◆ **Requirement**
Each line of the records is to be copied verbatim.

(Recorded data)
*****

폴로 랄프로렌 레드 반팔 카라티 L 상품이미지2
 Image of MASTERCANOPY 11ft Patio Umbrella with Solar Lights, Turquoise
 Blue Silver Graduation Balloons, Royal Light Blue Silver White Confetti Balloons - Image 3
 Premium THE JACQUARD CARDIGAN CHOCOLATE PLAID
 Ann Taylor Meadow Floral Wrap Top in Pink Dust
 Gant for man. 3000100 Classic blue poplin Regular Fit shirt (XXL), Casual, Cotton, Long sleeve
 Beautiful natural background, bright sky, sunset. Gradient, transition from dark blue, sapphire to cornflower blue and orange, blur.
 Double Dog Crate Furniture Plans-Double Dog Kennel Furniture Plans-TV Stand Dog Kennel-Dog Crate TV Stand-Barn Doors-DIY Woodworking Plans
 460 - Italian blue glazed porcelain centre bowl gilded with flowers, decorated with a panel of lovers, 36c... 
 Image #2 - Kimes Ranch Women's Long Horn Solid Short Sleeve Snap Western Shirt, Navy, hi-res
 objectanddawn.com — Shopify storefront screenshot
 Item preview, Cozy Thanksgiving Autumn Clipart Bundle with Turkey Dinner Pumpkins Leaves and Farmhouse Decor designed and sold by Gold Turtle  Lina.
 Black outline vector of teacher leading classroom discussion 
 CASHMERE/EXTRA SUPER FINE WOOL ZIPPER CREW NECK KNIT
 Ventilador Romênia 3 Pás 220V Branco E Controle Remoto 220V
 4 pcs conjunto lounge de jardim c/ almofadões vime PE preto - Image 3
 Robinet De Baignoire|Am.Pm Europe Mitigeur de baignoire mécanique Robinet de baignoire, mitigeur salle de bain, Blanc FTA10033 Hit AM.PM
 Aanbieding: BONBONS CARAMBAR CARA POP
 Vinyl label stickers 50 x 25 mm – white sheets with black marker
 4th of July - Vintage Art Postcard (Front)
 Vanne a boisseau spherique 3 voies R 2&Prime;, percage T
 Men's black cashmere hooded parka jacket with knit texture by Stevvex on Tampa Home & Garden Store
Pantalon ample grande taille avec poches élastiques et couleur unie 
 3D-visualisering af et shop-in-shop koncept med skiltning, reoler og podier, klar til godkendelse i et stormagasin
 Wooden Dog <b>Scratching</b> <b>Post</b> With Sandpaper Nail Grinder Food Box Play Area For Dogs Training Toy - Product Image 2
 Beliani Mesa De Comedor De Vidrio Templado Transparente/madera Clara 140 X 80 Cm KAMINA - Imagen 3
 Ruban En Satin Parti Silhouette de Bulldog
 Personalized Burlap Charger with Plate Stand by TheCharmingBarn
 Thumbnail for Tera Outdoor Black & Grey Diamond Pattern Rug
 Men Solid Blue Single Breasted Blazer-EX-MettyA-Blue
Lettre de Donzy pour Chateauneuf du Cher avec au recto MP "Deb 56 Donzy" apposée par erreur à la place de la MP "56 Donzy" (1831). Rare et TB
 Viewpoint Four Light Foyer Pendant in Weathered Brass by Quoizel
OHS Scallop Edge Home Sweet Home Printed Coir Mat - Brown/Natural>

*****

◆ **Answer section**
폴로 랄프로렌 레드 반팔 카라티 L 상품이미지2
 Image of MASTERCANOPY 11ft Patio Umbrella with Solar Lights, Turquoise
 Blue Silver Graduation Balloons, Royal Light Blue Silver White Confetti Balloons - Image 3
 Premium THE JACQUARD CARDIGAN CHOCOLATE PLAID
 Ann Taylor Meadow Floral Wrap Top in Pink Dust
 Gant for man. 3000100 Classic blue poplin Regular Fit shirt (XXL), Casual, Cotton, Long sleeve
 Beautiful natural background, bright sky, sunset. Gradient, transition from dark blue, sapphire to cornflower blue and orange, blur.
 Double Dog Crate Furniture Plans-Double Dog Kennel Furniture Plans-TV Stand Dog Kennel-Dog Crate TV Stand-Barn Doors-DIY Woodworking Plans
 460 - Italian blue glazed porcelain centre bowl gilded with flowers, decorated with a panel of lovers, 36c... 
 Image #2 - Kimes Ranch Women's Long Horn Solid Short Sleeve Snap Western Shirt, Navy, hi-res
 objectanddawn.com — Shopify storefront screenshot
 Item preview, Cozy Thanksgiving Autumn Clipart Bundle with Turkey Dinner Pumpkins Leaves and Farmhouse Decor designed and sold by Gold Turtle  Lina.
 Black outline vector of teacher leading classroom discussion 
 CASHMERE/EXTRA SUPER FINE WOOL ZIPPER CREW NECK KNIT
 Ventilador Romênia 3 Pás 220V Branco E Controle Remoto 220V
 4 pcs conjunto lounge de jardim c/ almofadões vime PE preto - Image 3
 Robinet De Baignoire|Am.Pm Europe Mitigeur de baignoire mécanique Robinet de baignoire, mitigeur salle de bain, Blanc FTA10033 Hit AM.PM
 Aanbieding: BONBONS CARAMBAR CARA POP
 Vinyl label stickers 50 x 25 mm – white sheets with black marker
 4th of July - Vintage Art Postcard (Front)
 Vanne a boisseau spherique 3 voies R 2&Prime;, percage T
 Men's black cashmere hooded parka jacket with knit texture by Stevvex on Tampa Home & Garden Store
Pantalon ample grande taille avec poches élastiques et couleur unie 
 3D-visualisering af et shop-in-shop koncept med skiltning, reoler og podier, klar til godkendelse i et stormagasin
 Wooden Dog <b>Scratching</b> <b>Post</b> With Sandpaper Nail Grinder Food Box Play Area For Dogs Training Toy - Product Image 2
 Beliani Mesa De Comedor De Vidrio Templado Transparente/madera Clara 140 X 80 Cm KAMINA - Imagen 3
 Ruban En Satin Parti Silhouette de Bulldog
 Personalized Burlap Charger with Plate Stand by TheCharmingBarn
 Thumbnail for Tera Outdoor Black & Grey Diamond Pattern Rug
 Men Solid Blue Single Breasted Blazer-EX-MettyA-Blue
Lettre de Donzy pour Chateauneuf du Cher avec au recto MP "Deb 56 Donzy" apposée par erreur à la place de la MP "56 Donzy" (1831). Rare et TB
 Viewpoint Four Light Foyer Pendant in Weathered Brass by Quoizel
OHS Scallop Edge Home Sweet Home Printed Coir Mat - Brown/Natural>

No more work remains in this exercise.